-- RECORDS follows --

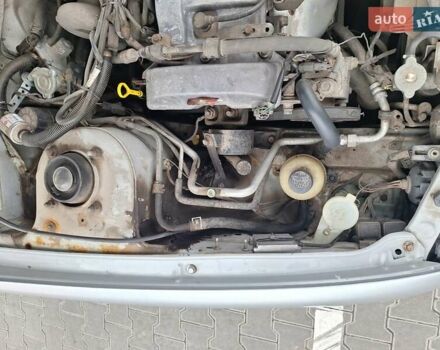 Серый Мазда 626, объемом двигателя 2 л и пробегом 319 тыс. км за 3200 $, фото 45 на Automoto.ua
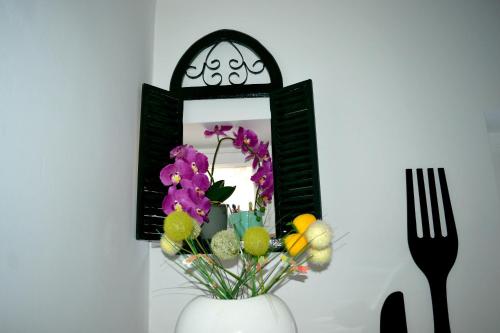 Spacious Apartment Center - image 12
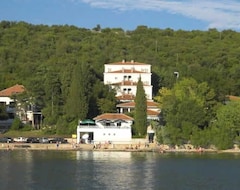 Otel Delfin (Omišalj, Hırvatistan)
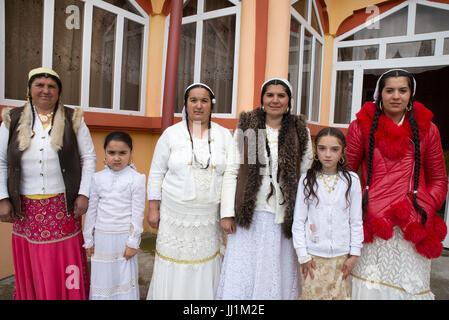 Frauen und Mädchen von einem Rom-reiche Familie vor ihren Luxus haus, Ivanesti, Rumänien Stockfoto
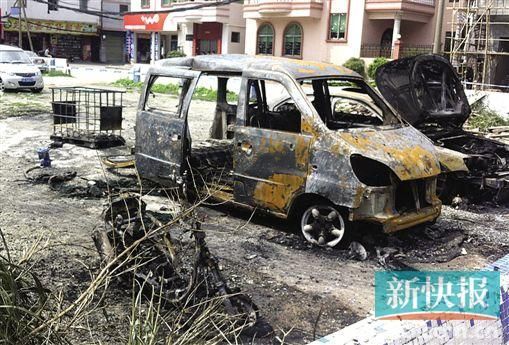 涉事面包車燒剩鐵殼。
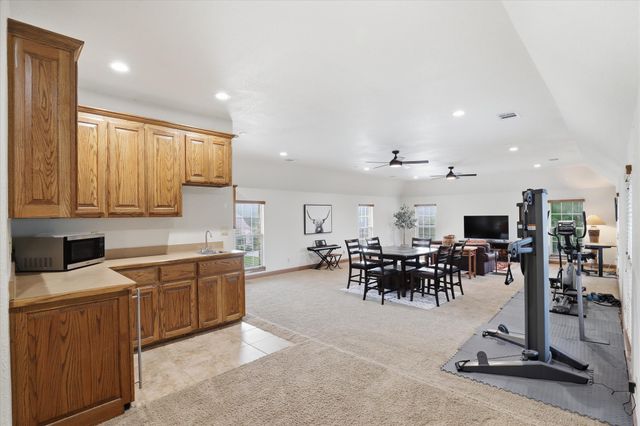5832 Creek Crossing Lane, Sachse, TX 75048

-- RECORDS concluded --

- _EXERCISE DIRECTIONS_
When copying the records above, please match them exactly but leave out all pictures.

- _RESPONSE TO THE TASK_
 Серый Мазда 626, объемом двигателя 2 л и пробегом 319 тыс. км за 3200 $, фото 45 на Automoto.ua
 Spacious Apartment Center - image 12
 Otel Delfin (Omišalj, Hırvatistan)
 Frauen und Mädchen von einem Rom-reiche Familie vor ihren Luxus haus, Ivanesti, Rumänien Stockfoto
 涉事面包車燒剩鐵殼。
5832 Creek Crossing Lane, Sachse, TX 75048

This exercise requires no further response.